[WORK TASK] Each line from the one that has "Tado V3+ bedrade" through the final line of the listing is to be written out exactly, and no other line is.
━━━━━ RECORDS
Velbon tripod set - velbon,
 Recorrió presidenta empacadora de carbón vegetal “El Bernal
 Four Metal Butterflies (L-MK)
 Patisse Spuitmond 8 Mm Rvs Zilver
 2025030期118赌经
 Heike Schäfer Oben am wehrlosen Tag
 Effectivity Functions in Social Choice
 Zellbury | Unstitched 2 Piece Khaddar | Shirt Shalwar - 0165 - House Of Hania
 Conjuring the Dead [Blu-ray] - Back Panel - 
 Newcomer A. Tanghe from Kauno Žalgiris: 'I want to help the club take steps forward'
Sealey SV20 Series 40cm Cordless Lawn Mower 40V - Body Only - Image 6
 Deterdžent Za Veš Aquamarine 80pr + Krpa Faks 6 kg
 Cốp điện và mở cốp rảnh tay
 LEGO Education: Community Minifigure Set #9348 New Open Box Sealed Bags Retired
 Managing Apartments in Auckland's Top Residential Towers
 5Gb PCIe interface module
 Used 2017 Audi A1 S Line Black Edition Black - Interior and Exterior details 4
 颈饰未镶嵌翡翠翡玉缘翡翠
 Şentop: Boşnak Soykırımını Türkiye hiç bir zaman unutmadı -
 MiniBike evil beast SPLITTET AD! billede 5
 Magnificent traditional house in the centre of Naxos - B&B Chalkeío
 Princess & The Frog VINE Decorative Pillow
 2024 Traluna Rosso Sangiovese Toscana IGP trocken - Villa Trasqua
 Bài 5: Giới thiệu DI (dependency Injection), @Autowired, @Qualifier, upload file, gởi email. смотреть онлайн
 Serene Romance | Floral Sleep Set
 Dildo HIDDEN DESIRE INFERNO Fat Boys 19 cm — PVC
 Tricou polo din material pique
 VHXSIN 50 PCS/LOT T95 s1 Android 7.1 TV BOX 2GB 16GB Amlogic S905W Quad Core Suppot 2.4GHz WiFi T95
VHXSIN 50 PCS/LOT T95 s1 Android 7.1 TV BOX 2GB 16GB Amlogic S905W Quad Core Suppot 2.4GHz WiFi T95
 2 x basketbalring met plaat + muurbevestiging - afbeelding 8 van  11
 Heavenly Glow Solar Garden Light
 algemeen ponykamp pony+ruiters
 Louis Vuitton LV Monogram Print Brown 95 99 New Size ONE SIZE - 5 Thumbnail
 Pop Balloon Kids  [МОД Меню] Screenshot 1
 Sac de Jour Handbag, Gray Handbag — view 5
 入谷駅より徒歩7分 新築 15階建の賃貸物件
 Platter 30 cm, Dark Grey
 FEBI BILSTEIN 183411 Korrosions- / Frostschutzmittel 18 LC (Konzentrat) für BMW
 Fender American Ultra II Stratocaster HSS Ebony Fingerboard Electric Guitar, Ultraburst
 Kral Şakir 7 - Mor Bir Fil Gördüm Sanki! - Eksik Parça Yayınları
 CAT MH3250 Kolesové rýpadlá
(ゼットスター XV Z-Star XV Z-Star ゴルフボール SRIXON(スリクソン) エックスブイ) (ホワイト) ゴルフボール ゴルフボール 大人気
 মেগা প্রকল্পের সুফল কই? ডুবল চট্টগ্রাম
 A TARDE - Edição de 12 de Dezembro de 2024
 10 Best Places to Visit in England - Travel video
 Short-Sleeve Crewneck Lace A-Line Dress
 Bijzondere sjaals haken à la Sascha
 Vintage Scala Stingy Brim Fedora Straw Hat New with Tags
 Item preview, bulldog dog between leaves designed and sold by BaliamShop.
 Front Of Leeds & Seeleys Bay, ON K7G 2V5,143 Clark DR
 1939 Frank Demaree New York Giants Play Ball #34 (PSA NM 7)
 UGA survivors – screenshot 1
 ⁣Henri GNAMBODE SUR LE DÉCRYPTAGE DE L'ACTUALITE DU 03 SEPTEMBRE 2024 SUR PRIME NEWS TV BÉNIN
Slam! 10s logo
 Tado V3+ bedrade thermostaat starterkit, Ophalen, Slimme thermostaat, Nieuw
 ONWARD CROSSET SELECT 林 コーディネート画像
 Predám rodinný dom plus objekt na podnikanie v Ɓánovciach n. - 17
━━━━━━━━━━
[EXERCISE OUTPUT]
 Tado V3+ bedrade thermostaat starterkit, Ophalen, Slimme thermostaat, Nieuw
 ONWARD CROSSET SELECT 林 コーディネート画像
 Predám rodinný dom plus objekt na podnikanie v Ɓánovciach n. - 17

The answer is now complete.